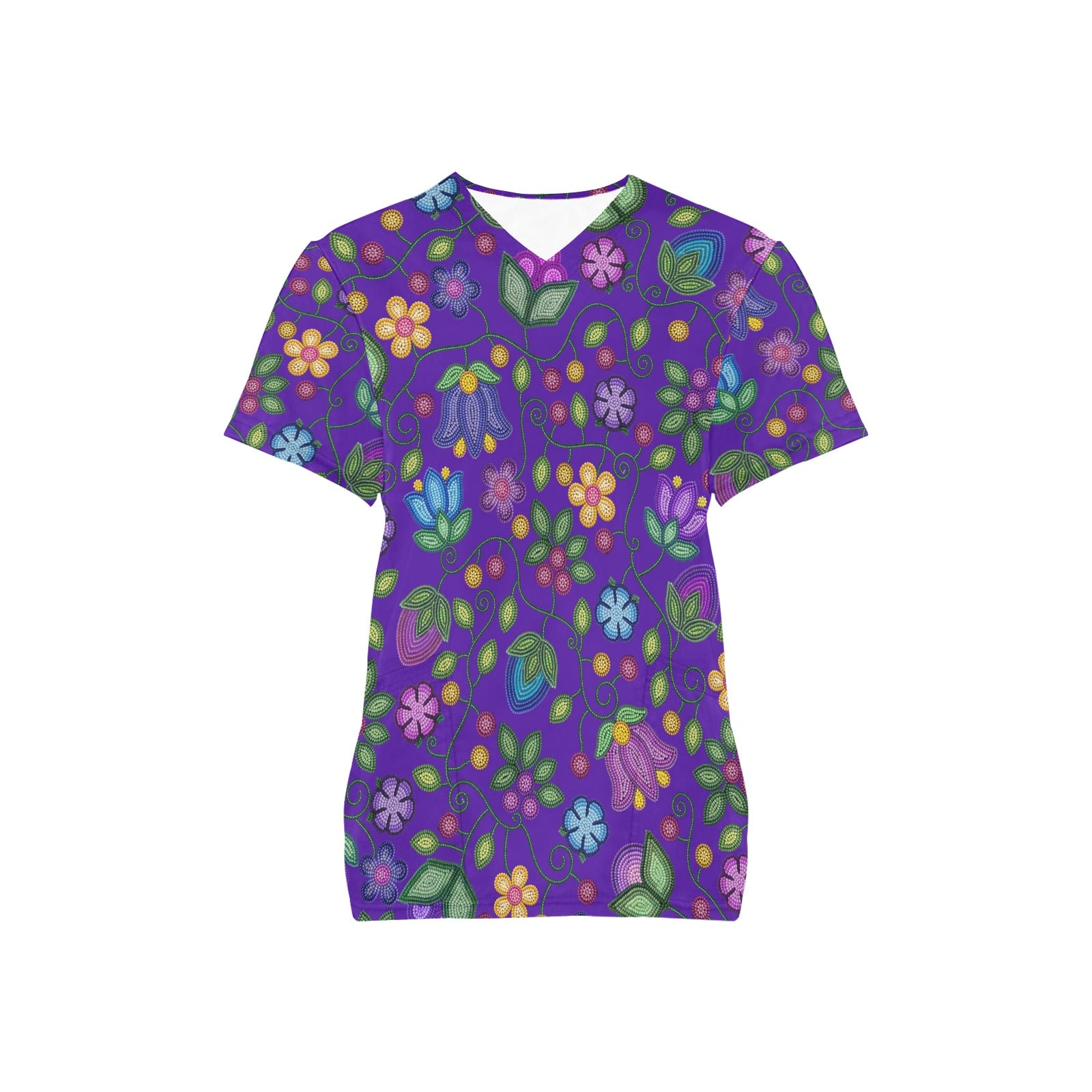 Bloom Uplift Indigo Scrub Top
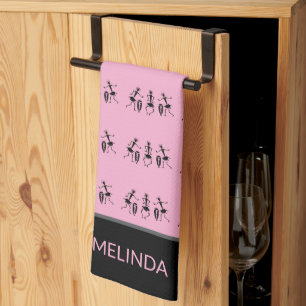 African Art, Inspirational Dance, Cute Pink Tea Towel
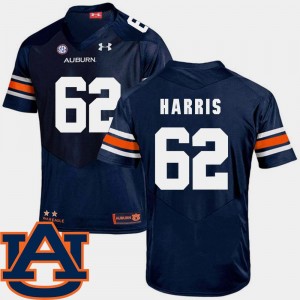 Josh Harris Auburn Jersey #62 SEC Patch Replica For Men's Navy College Football 657919-314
---+---
→ What this task involves: No pictures belong in the output. It should reproduce exactly the lines from the one containing "African Art, Inspirational" through the end of the data, both ends included.

→ Reply:
 African Art, Inspirational Dance, Cute Pink Tea Towel
 Josh Harris Auburn Jersey #62 SEC Patch Replica For Men's Navy College Football 657919-314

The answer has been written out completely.